Final Europe post! - part 5

December 25  - still in Austria
Santa found us all the way in Austria!  The kids sent letters the first of December warning the big guy that we wouldn't be home and where to find us, so they were hopeful he might drop by.  They were warned multiple times not to expect anything, because the trip was pretty much what they were getting for Christmas.  To their surprise he still brought them a few little things.  He finished decorating the tree with chocolates, and left a few trinkets in their boots.  We decided our best chance of him leaving anything was to do what the other kids do in Austria on Christmas Eve (leave their shoes out for Old Saint Nick to fill with goodies). 
Grant got some chocolates, a squeez-it (we used to get those as a special treat when we went to Wet-n-Wild) and a wooden sword.
Noah did get a cool watch, some chocolate and a feather pen.
Ava got a feather pen, some stamps and some chocolates.  
I was really nervous that they would be disappointed with hardly anything, but they were thrilled about the tiny tree and so excited with their little loot (Santa had a $10 limit - he splurged on Noah's watch though, naughty guy).  Makes me realize how simple Christmas can be and still be awesome.  This Christmas was so stress free without having to go Christmas shopping.  I love it. 
After we had chocolate for breakfast, we went into Salzburg to see some Sound of Music sites.  First we went to 'The Abbey' (St. Peter's Nonnberg Abbey). We found a place to park and then went up a steep winding road (it's kind of hidden) thinking we would never find it.  We turned a corner and there it was.  Another really old church. Ha.  The Abbey is still a working monastery, so we could really only go inside the church and around some of the grounds.   Where Noah is, is the gate where the von Trapp kids come to find Maria after she left. 
St. Peter is the oldest monastery in the German-speaking world.  Started in 696!! Over 1300 years old - that's CRAZY!!  We tried to find the indoor cemeteries where the von Trapp's were hiding from the Nazis (there are some dark locked gates off to the sides of the pews), but I found out later that scene was actually filmed in California.
SUPER old cemetery in the courtyard.  There is a scene when Maria is walking thru this, but can't remember the exact scene.
Outside the Abbey, looking over Salzburg.
By this point, Adam and Luke were on a sarcastic kick (more than usual), and making fun of anything and everything to get thru the next few days. :)
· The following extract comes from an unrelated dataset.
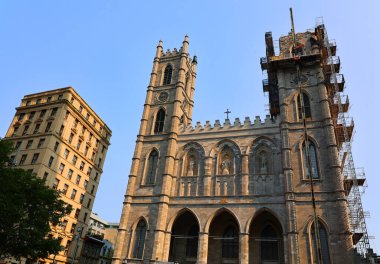 MONTREAL QUEBEC CANADA 09 10 2022: Place d 'arme ve Notre-Dame Basilica (Fransızca: Basilique Notre-Dame de Montreal), Montreal' in tarihi bölgesinde bulunan bir bazilika. 
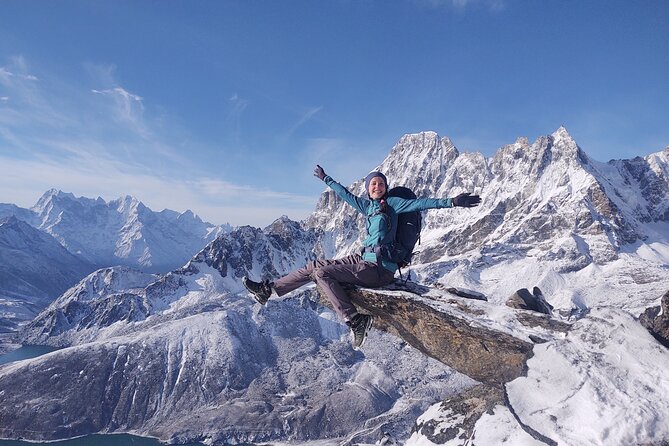 Everest Gokyo Valley Trek - 12 days - Namche acclimatization and Everest View Point: use the morning, beat the clouds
On our way to the Mirabell Gardens (where the Do-Re-Mi song was filmed), we walked past the birthplace of Mozart. 

Across a lock bridge to Mirabell Gardens.  We actually entered the other side of the gardens (it's a huge park), so we didn't see the fountain that is in the movie and the beautiful gardens. :)  We did find a fun playground though, so the kids were happy.
Beautiful Salzburg!!
HUGE slide.  Would never find this in America - all sorts of safety hazards just to get to the top.  Probably why it's so fun.

Adam and Luke enjoying the teeter-totter together. :)
Luke started challenging Adam with silly games.  This one was trying to stay upright on the spring toy. Harder than it looks.
This crazy contraption is impossible to stand straight up on it.  The closer you get to the center, the more it throws off your balance (it spins).
'Just' another cool church.
Noah is always 50 steps behind everyone else, so I stay back with him and make him pose for all the pictures. He's a good sport about it, because he can doddle longer.
Outside the Mirabell gardens is Mozart's childhood home.  If you look close you can see faint pictures of Mozart in the windows.  A little creepy, I think.
Heading back to our car.

We came back to the hotel and the dads took naps, while the kids watched German cartoons.  For dinner we found a Chinese restaurant.  The whole dinner I kept thinking about the movie, A Christmas Story, when they went to a Chinese restaurant for Christmas dinner.  I kept thinking the waiters were going to come sing, "Deck the harrs with boughs of horry, fa ra ra ra ra, ra ra ra".  We had a classic Christmas story dinner. :)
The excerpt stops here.